=== EXERCISE DATA ===
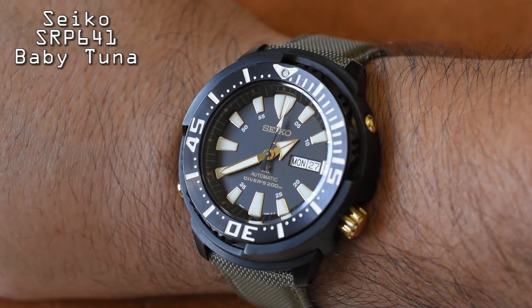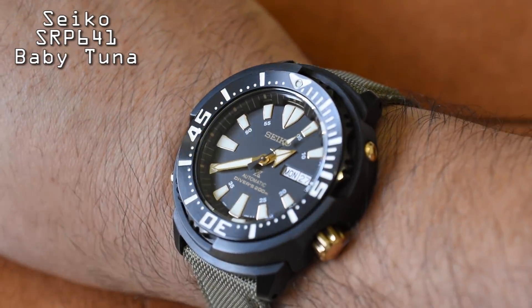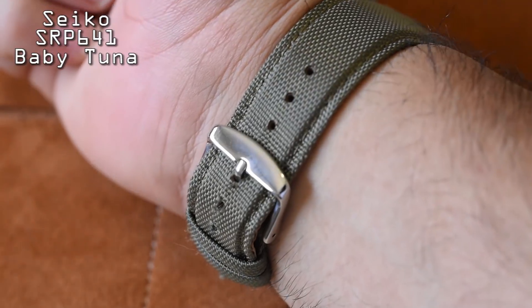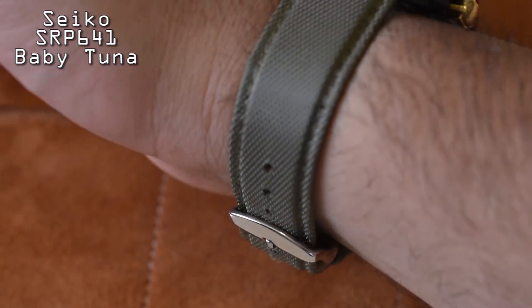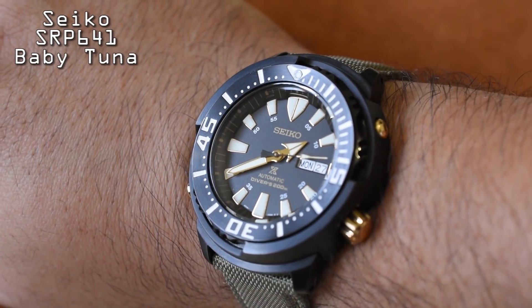This SRP641 is listed at 47 millimeters, but it wears much smaller than that. I know I'm going to get a ton of questions — I have a seven-and-a-half-inch wrist — but even if you're a bit smaller than me, I assure you this watch does not wear like a 47-millimeter diver. One of my favorite things about this watch is how it lies flat on your wrist. It makes for the most comfortable watch in my collection. This is seriously one of my favorite watches to wear because of how comfortable it is.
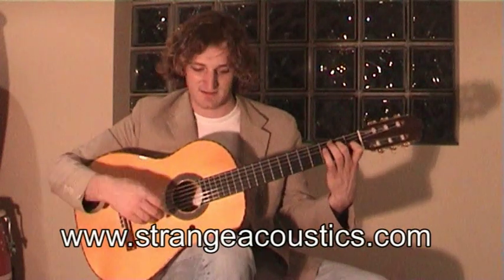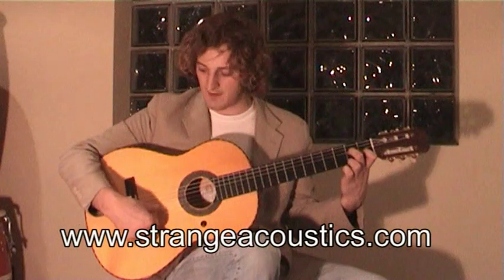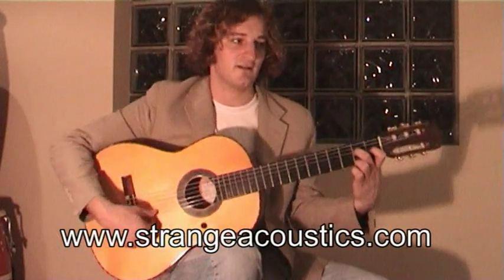We start with an E major, so the thumb wants to strike from the fourth string down, with the second finger on the second fret of the fourth string and the first finger on the first fret of the third string.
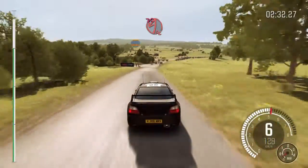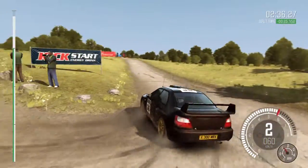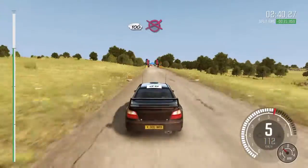Turn acute left, don't cut. 100 over crest. To finish.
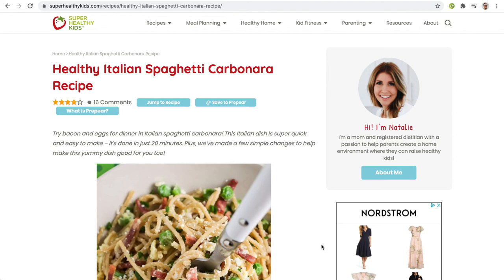To import a recipe anywhere on the internet, all you need to do is go to a recipe using your Google Chrome web browser and then click on the Prepare Recipe Importer Chrome extension.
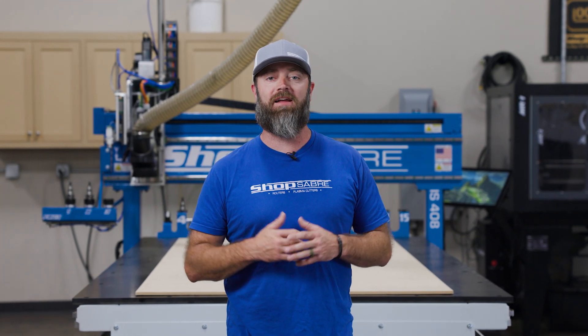Hey everyone, I'm Sean Morley, and today we're going to make a coffee table leg using our indexable fourth axis.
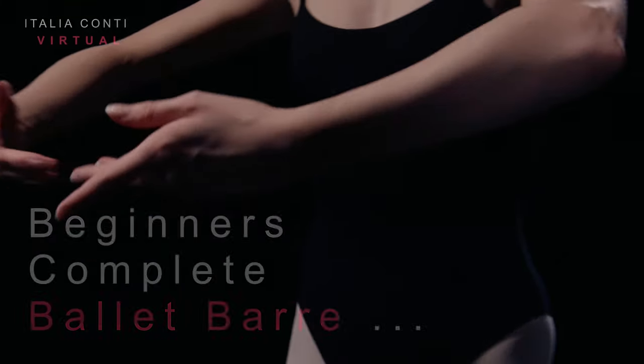Welcome to Italian Controversy, an online training resource for the performing arts. Have a good class.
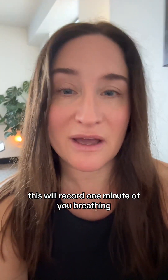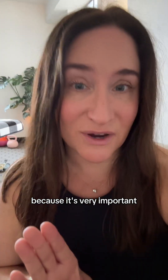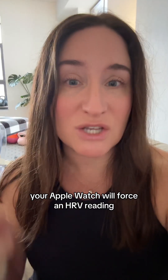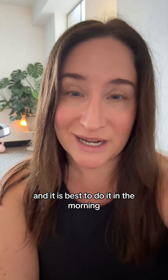This will record one minute of you breathing, and during that time when you are quiet and still — it's very important so that you don't get any artifacts during your reading — your Apple Watch will force an HRV reading. It is best to do it in the morning.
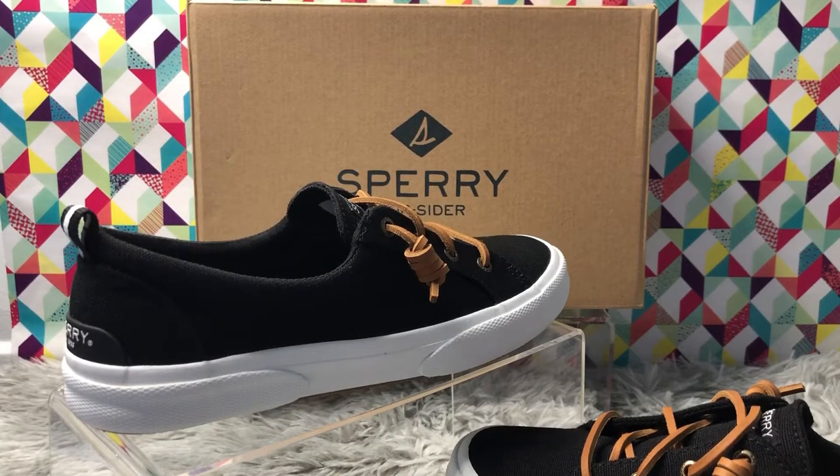Hello everyone and welcome back to my channel. My name is Yali and today I will be reviewing Sperry Topsider canvas women's sneakers.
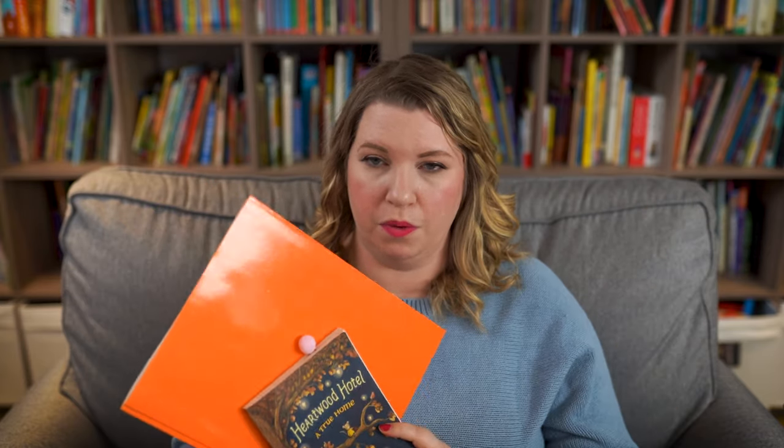We have been loving Brave Writer. It is definitely a great program — probably one of the most comprehensive, solid reading and writing programs I've seen that is not focused solely on workbooks. It is about using literature to connect spelling, grammar, writing, and reading all together. It is a solid, solid program and I'm so happy we've been able to use it this year.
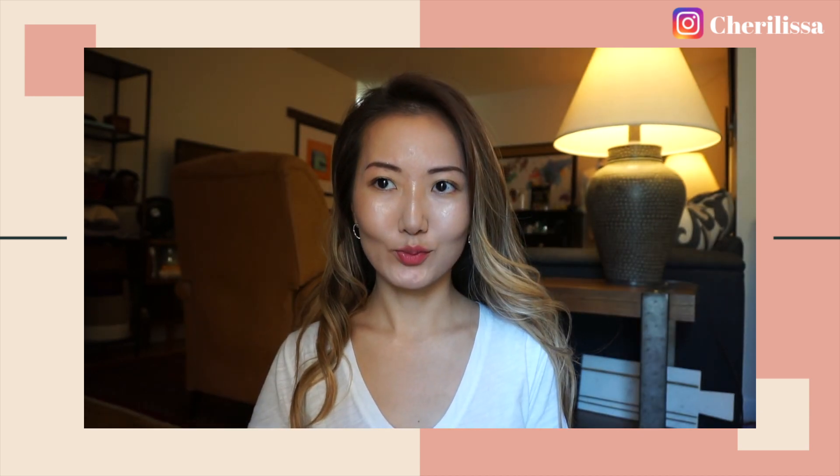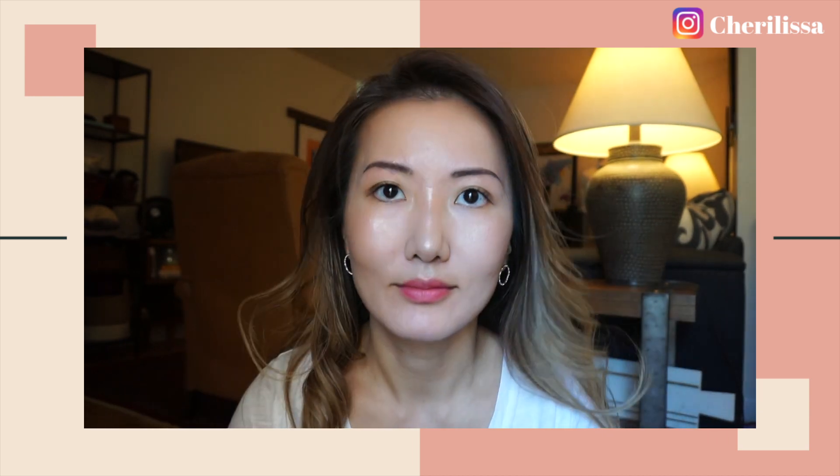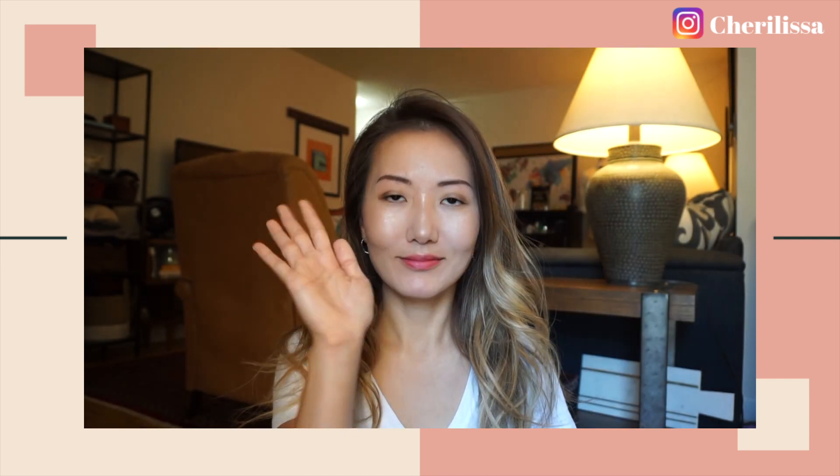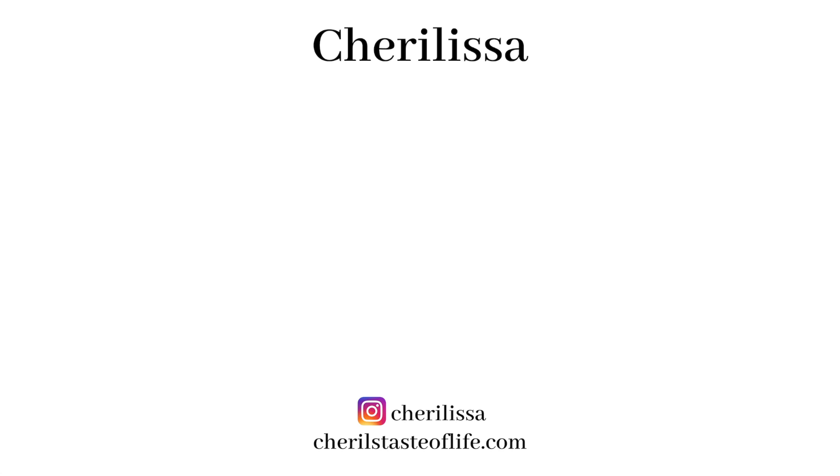So this is the makeup for ID and passport photos. If you enjoyed this video, give me a thumbs up. Don't forget to subscribe to my channel and follow my Instagram account. Thanks for watching and I'll talk to you soon. Bye!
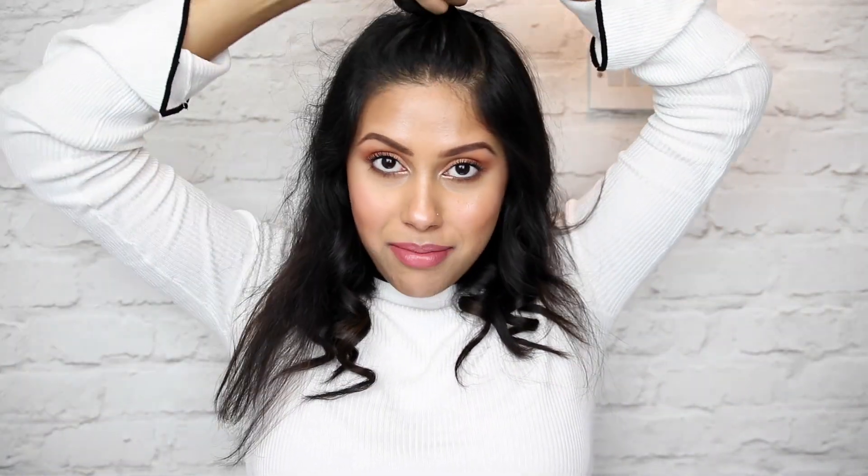Now that the bottom section of my hair is all curled, I'm going to let it cool down and do the top section. For the top section, I take the very top part — I currently don't have any bangs, they're all grown out — and I tie it up into a little tiny bun and clip it out of the way towards the end. Now I'm going to do the same curling on the top section of my head, curling away from my face.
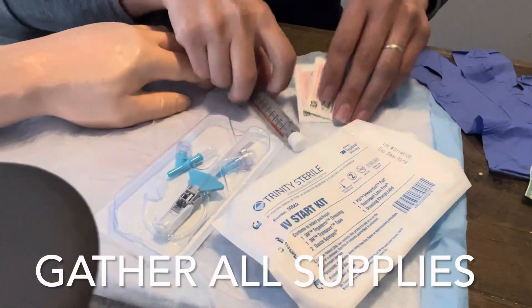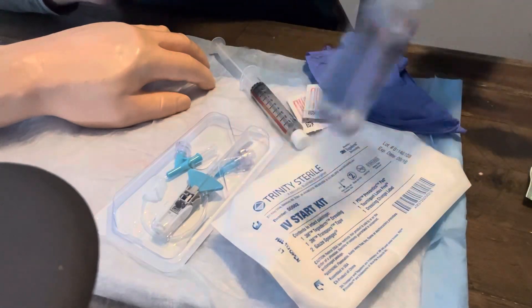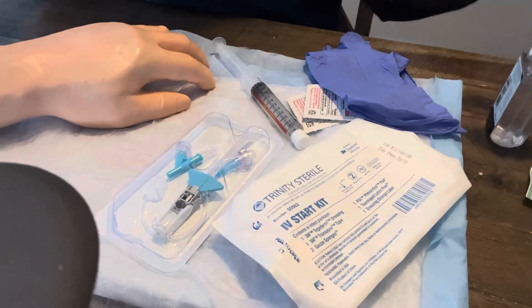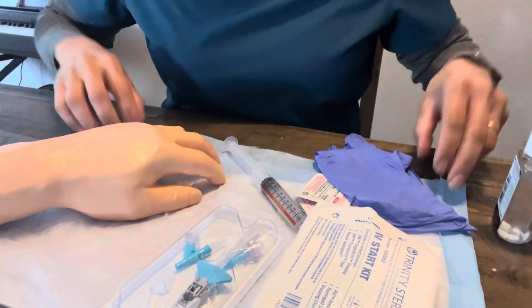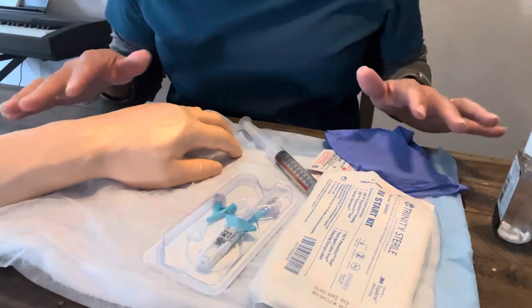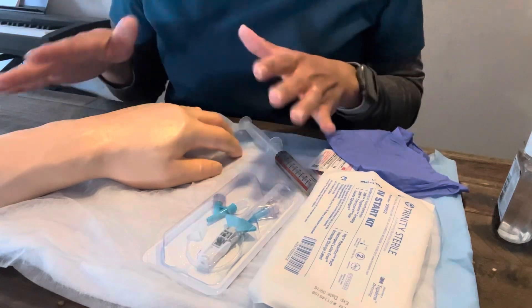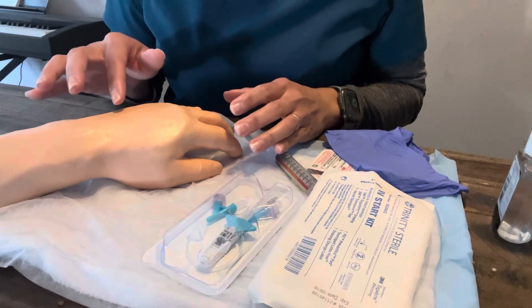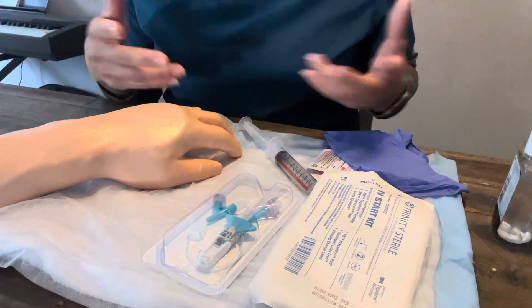We have our order, our supplies, a flush, alcohol, gloves and sanitizer, and our patient with an order to insert the IV. One thing I tell my students: before you even go to poke the patient, get all your supplies set up first. Prior to starting the insertion process, make sure you have everything ready because you don't want to have to leave the room and come back — it just adds more time.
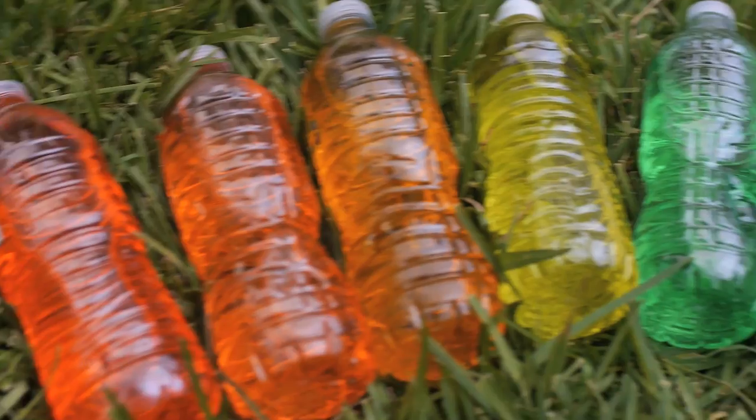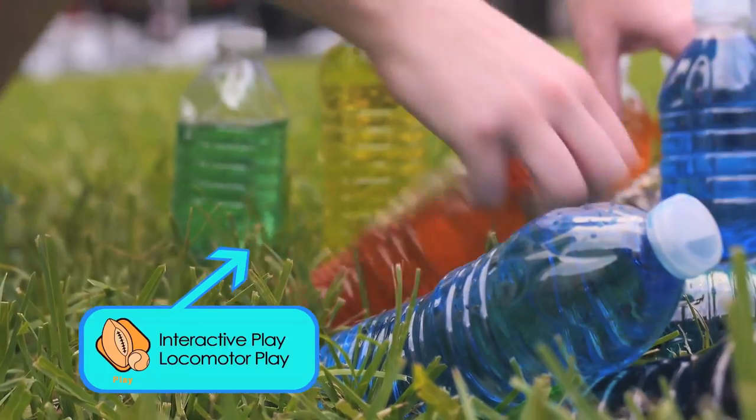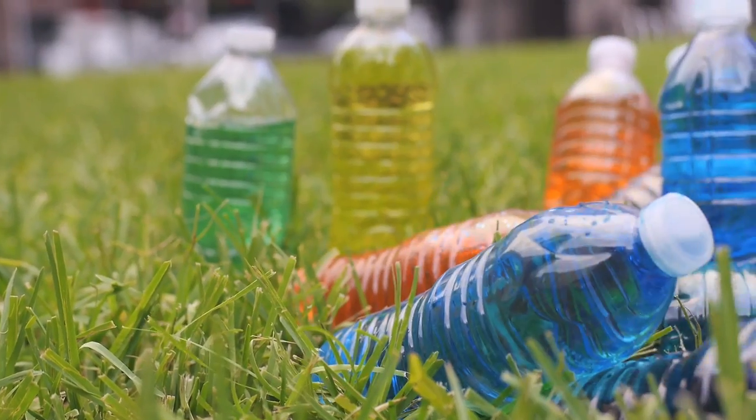Now that my bowling ball is frozen and my pins have been filled with water, let's go outside and play! I hope you and your family have fun with the frozen bowling game like I did with my friend Emily. Well, until next time — craft on guys!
===
DESCRIPTION OF THE TASK ->
The stretch to restate runs from the line above containing "Hey everyone, I'm" through the line containing "We have been". Copy it word for word, ends included, without pictures.

SOLUTION TO THE PROBLEM ->
Hey everyone, I'm Sean Morley, and today we're going to make a coffee table leg using our indexable fourth axis.
Welcome to Italian Controversy, an online training resource for the performing arts. Have a good class.
This will record one minute of you breathing, and during that time when you are quiet and still — it's very important so that you don't get any artifacts during your reading — your Apple Watch will force an HRV reading. It is best to do it in the morning.
Hello everyone and welcome back to my channel. My name is Yali and today I will be reviewing Sperry Topsider canvas women's sneakers.
We have been loving Brave Writer. It is definitely a great program — probably one of the most comprehensive, solid reading and writing programs I've seen that is not focused solely on workbooks. It is about using literature to connect spelling, grammar, writing, and reading all together. It is a solid, solid program and I'm so happy we've been able to use it this year.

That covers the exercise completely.